As Canadians ponder a potential “green shift,” there is a village developing at the University of Manitoba that will address increasing concern about sustainability.

The Alternative Village doesn’t have many structures right now, but the evolving concept makes space available to study alternate forms of heating, power, building resources, waste management and more.

“Growing the village” was the theme of a “design day” held for engineers willing to think outside the box.

Home to a straw bale agricultural structure, the village also featured solar panels, a composter aimed at helping fishermen dispose of fish guts in a more environmentally friendly way, a small wind turbine and more.

Moderator Kris Dick, director of the village said they have turned this piece of land at the university into a designated “lab” to help them get around constantly applying for permits from the city.

With use of the land, and support from companies such as Manitoba Hydro, the engineering school will have more openings for internships.

“No more working at Subway or Tim’s to pay for your schooling,” Dick said.

The approximately 1.5 acres will be the future home of many structures each featuring different systems of building, heating and waste management.

“Our goal would be about nine students per year once the program gets going,” said Dick. And it won’t just be restricted to engineering students. He hopes to entice disciplines such as architecture and environmental studies.

Right now time spent at the village is time away from other important issues.

“What typically happens that those of us who are trying to make it work fit it in to our schedules,” he said. He hopes that will change as interest grows.

Currently Manitoba Hydro supports research on the Evacuated Tube Solar Hot Water system that one of his students is developing. Two other companies are giving their support – HiQual Engineered Structures and Enersip Structural Insulated Panels.

In the future, Dick wants more time devoted to developing partnerships with other companies.

And high on the wish list is a tie-in to agricultural projects. Dick is very interested in working with farm groups looking for ways to enhance their business using their sustainable resources.

The focus of the event held on Sept. 20, 2008 was more “appliance” based as solar panel systems, and a vertical axis wind turbine were featured. The vertical axis wind turbine design is considered as an alternative which will work well in our climate and not be prone to “icing” problems. Dick said it is just one of what they hope will be many “made-in-

Manitoba solutions.”

Dick said interns would be able to document the process of the design, including important observations for further study.

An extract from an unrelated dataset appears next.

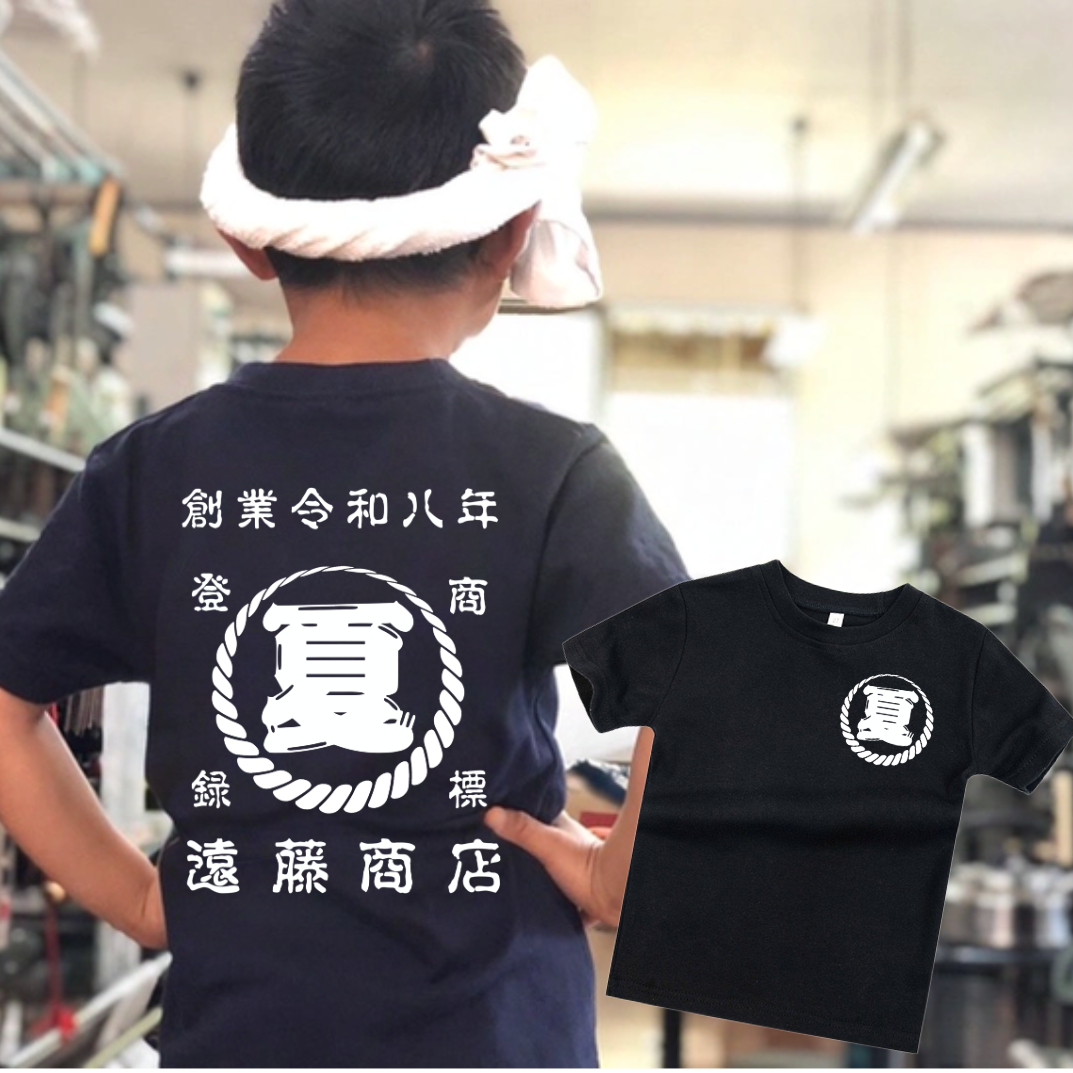 名前入り ベビー服·ロンパー|商店風 創業年| 出産祝い 名入れ長袖カバーオール【螺旋模様】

Research would focus on biosystems. However, conventional building materials could still be used when examining different systems.

Tim Krahn, jokingly referred to as “mayor” of the village said it’s important to examine systems that are tried and true in more southern climates to ensure they would actually be able to withstand the harsh Prairie winters.

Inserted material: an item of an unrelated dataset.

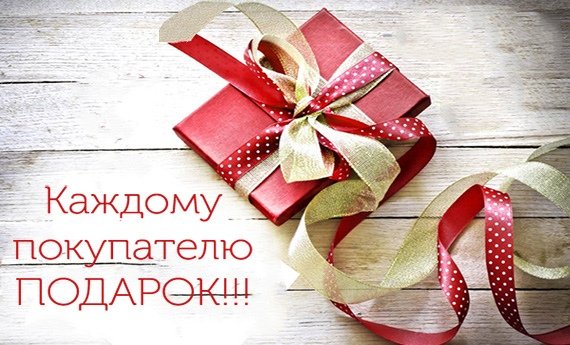 День дарения подарков открытки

Dick said the 4,200-square-foot straw bale building already in the village is a researchable building. “You can do research in and on the building,” he said.

Rising fuel costs and increased concern for the environment have heightened the trend to create more sustainable living spaces. And biosystems are a popular alternative as they are made from “renewable” resources.

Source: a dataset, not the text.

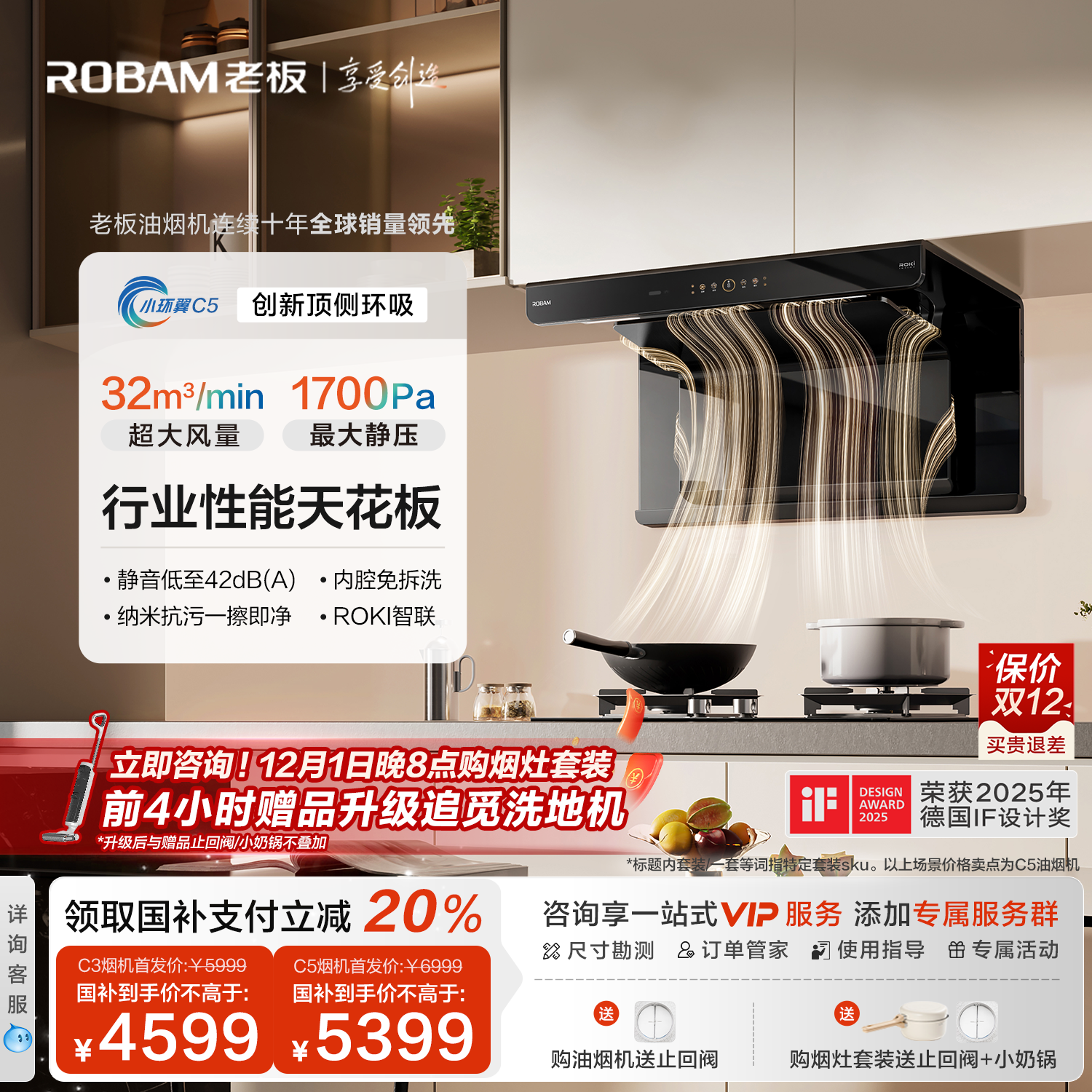 【1号晚8点抢洗地机】老板C3/C5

Tim and Janet Kroeker recently built their home of clay and straw and hosted a group of people wanting hands-on training in building these “econests.” They lent their expertise to the event.

The Kroekers built their nest just outside of Rosa. They are employing many innovative techniques to ensure adequate warmth in winter and nice cool temperatures in summer. They plan to use the sun for their energy requirements.

Dick said there is no reason for requirements to be modest. You can be off the grid and still have high speed Internet.

In fact, high speed Internet is an integral part of Kroeker’s bedding business. By using solar hot water and a propane stove their electricity demands should be minimized.